The viewers of the film “Nashville” are exposed to scenes that include corruption in American politics and show-business, racism, sexism, and extreme violence. Most films in Hollywood ‘are easy to forget’ and as well as their messages. On the contrary, “Nashville” and all of Altman’s films are not easy to forget, precisely because they renegotiate the Americans’ detachments and attachments to American culture. All these themes are portrayed in a very realistic and documentary-like way; this reinforces the sense of truthfulness. Altman’s strongest point of the film is that show-business people and politicians are indistinguishable from each other.

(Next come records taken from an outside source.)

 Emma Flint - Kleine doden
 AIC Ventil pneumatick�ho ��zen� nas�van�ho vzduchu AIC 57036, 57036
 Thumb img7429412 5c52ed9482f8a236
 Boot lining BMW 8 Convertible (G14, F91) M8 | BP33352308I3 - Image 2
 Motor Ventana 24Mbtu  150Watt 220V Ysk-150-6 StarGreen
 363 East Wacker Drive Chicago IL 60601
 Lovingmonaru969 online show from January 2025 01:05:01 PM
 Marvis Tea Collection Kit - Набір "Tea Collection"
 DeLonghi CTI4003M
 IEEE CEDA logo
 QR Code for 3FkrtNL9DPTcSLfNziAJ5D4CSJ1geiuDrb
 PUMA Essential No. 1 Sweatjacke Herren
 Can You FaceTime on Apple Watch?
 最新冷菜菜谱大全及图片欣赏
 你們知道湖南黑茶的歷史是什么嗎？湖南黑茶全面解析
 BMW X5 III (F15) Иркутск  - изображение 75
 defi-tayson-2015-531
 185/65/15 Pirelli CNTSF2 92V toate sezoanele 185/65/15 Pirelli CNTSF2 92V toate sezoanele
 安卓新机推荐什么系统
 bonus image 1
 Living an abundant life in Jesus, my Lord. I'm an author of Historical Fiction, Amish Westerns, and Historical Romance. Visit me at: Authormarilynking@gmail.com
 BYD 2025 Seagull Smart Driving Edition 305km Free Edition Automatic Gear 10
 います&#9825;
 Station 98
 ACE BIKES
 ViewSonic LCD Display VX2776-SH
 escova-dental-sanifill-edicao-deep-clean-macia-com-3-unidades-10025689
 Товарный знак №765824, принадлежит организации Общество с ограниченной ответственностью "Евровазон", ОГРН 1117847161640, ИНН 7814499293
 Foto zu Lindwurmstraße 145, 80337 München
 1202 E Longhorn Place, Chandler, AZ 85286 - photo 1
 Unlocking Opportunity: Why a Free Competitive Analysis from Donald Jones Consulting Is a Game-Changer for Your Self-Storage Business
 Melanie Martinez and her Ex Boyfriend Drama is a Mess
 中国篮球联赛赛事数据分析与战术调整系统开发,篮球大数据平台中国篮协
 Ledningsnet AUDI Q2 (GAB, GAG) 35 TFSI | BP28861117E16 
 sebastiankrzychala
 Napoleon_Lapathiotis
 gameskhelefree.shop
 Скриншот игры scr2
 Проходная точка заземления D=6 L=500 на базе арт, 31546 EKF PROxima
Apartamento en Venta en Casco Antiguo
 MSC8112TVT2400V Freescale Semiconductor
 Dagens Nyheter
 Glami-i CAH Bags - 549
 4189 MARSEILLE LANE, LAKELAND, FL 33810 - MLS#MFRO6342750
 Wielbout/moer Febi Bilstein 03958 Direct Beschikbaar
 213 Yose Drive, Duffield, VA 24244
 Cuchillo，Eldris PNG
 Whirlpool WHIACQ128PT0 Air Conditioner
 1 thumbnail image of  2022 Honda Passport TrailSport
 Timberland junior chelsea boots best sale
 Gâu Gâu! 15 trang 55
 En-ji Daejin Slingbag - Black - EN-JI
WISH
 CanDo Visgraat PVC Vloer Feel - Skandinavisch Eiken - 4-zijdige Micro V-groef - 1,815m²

Altman shows the problems of America, its heroes and its villains. He tries to warn and alert the people of America that something has gone wrong along the way. Through his masterpiece, viewers are carried in a journey of music and politics, and of people’s stories. It glorifies and disparages America. In times of troubles and wars he tries to show in what state American society is and where it’s heading too. The ending montage of arbitrary people of Nashville singing along with the new star Albuquerque the song “It don’t worry me” allows the viewer to link the words of the song with the people singing it. Parents, young kids, teenagers, old people are singing along. The song never actually ends, but the sound fades out and the camera pans to the sky in an indication of reflection and continuance of the situation.

“Nashville” is nothing more than a political campaign with an entertainment value. All the themes that are explored in the film, portrayed in the unique fashion and structure of Robert Altman’s directorial signature are simply life itself. As Altman says in one of his interviews it is just a way of melding a whole view, his view, of that political climate in America of 1975. Instant success, violence, women in despair, war, loneliness. As a conclusion for what the film truly asks from the viewer I quote Gibley from his book “It don’t worry me”:

‘The movie’s yours: free your mind; renounce your Old Hollywood ways’.